The problem >> Pictures are to be left out. Copy exactly, and only, the lines from the start of the entries below to the line with "Topolino (Mondadori 1980)", both included.

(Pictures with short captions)
=-=-=

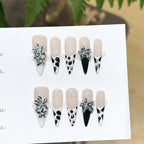 Press-On Nail Set Floral & Geometric Comfort Fit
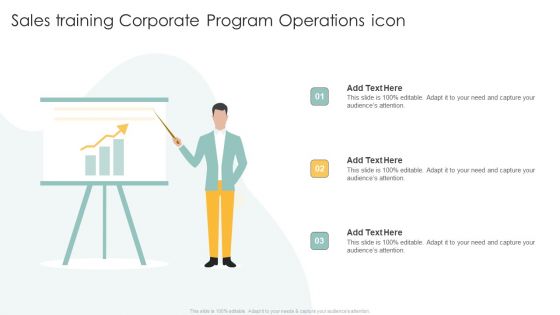 Sales Training Corporate Program Operations Icon Clipart PDF Sales Training Corporate Program Operations Icon Clipart PDF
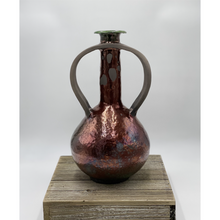 Load image into Gallery viewer, Raku Vase Large Hand Built and Handcrafted Pottery Technique
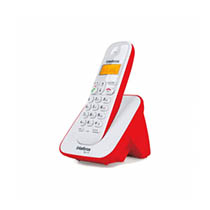 telefone sem fio digital intelbras ts 3110 vermelho
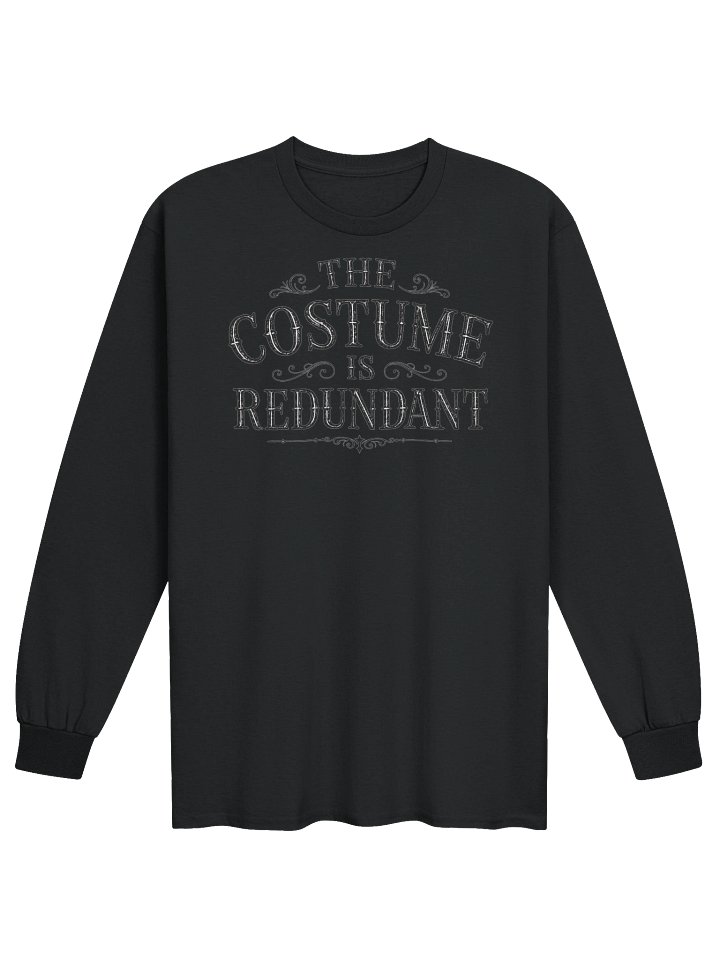 THE COSTUME IS REDUNDANT Halloween Unisex Cotton Long Sleeve T-Shirt product image (21)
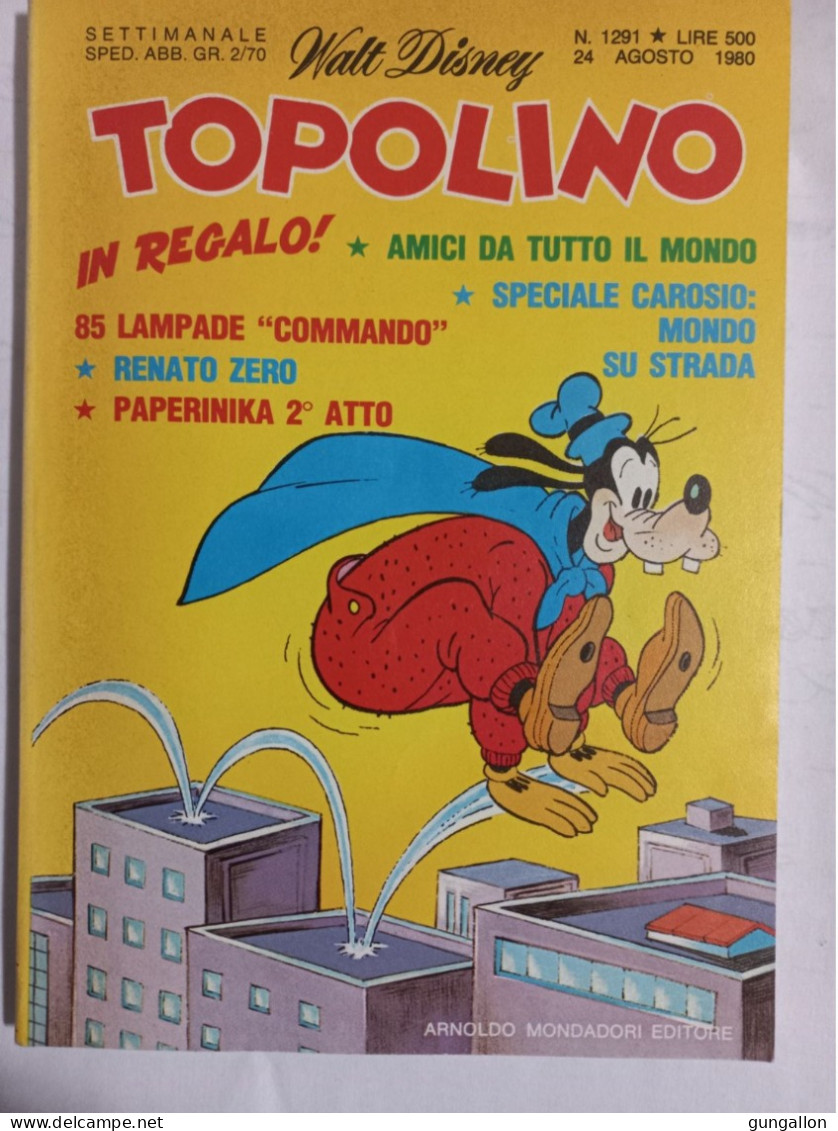 Topolino (Mondadori 1980)  N. 1291 - Disney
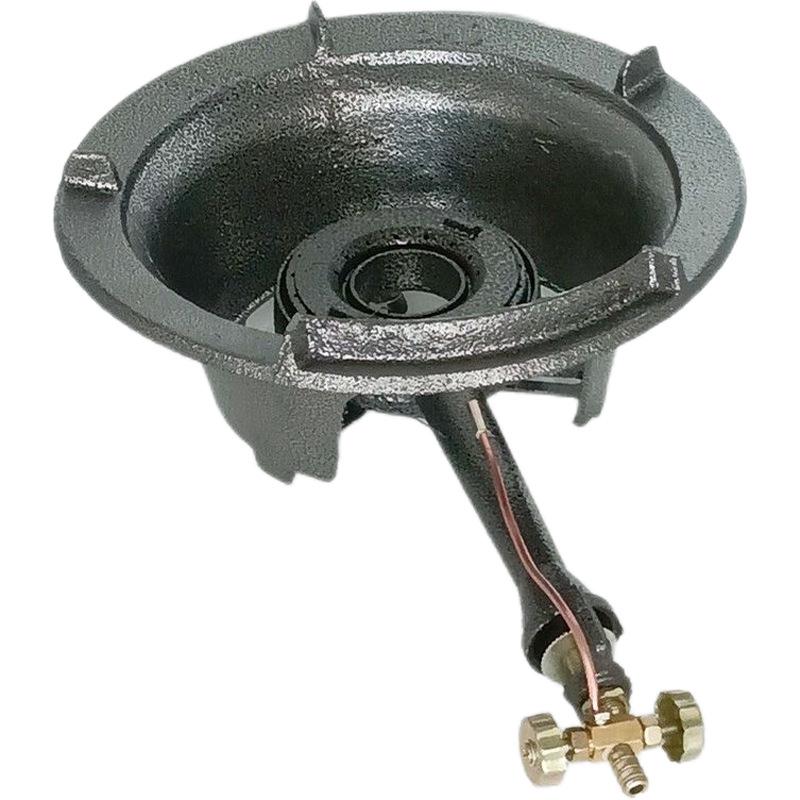 Heavy-Duty Commercial Cast Iron Wok Burner Head with High-Pressure Flame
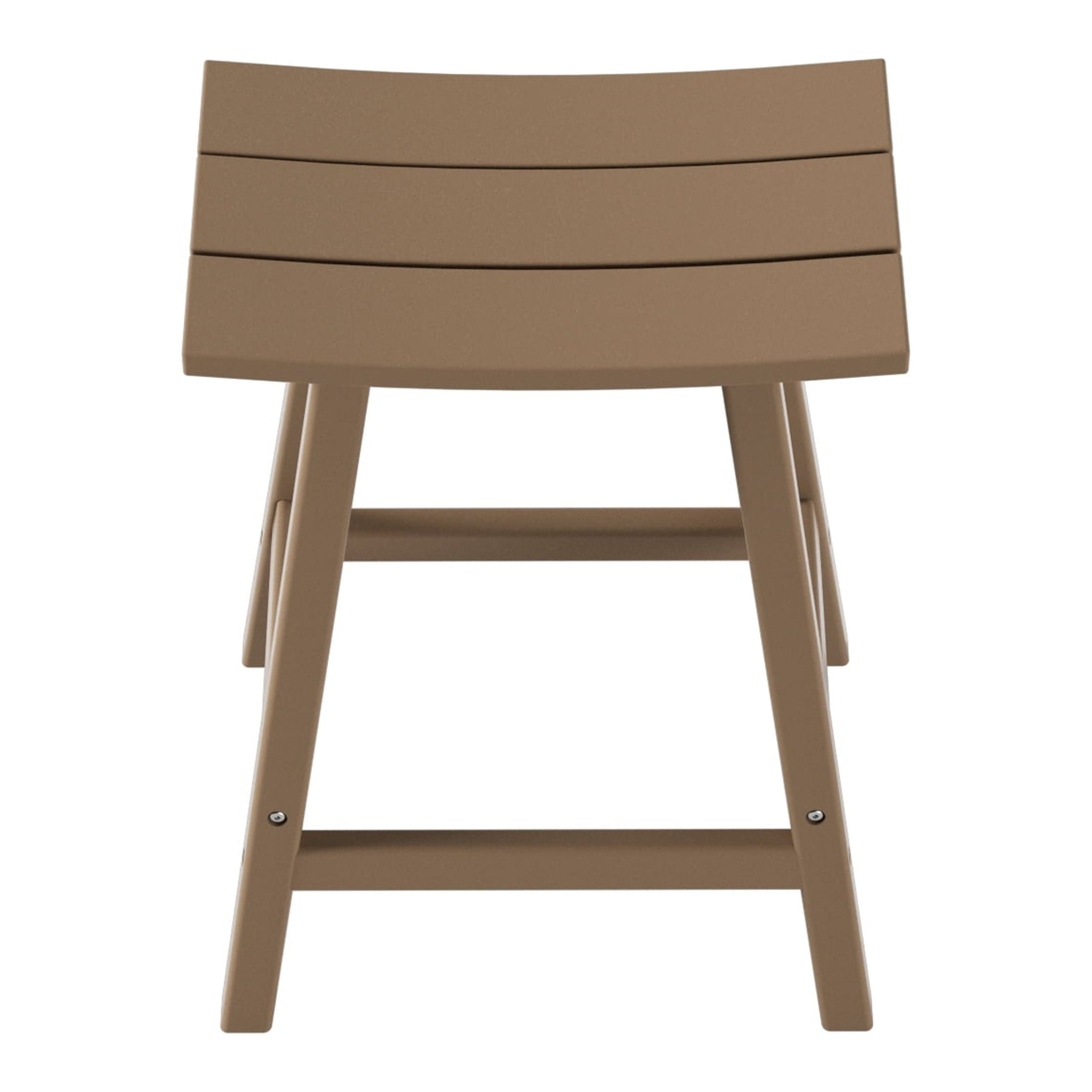 GARDEN 24" Inches Adirondack Plastic Outdoor Bar Stools for Patio, Weathered Wood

=-=-=

Solution >>
 Press-On Nail Set Floral & Geometric Comfort Fit
 Sales Training Corporate Program Operations Icon Clipart PDF Sales Training Corporate Program Operations Icon Clipart PDF
 Load image into Gallery viewer, Raku Vase Large Hand Built and Handcrafted Pottery Technique
 telefone sem fio digital intelbras ts 3110 vermelho
 THE COSTUME IS REDUNDANT Halloween Unisex Cotton Long Sleeve T-Shirt product image (21)
 Topolino (Mondadori 1980)  N. 1291 - Disney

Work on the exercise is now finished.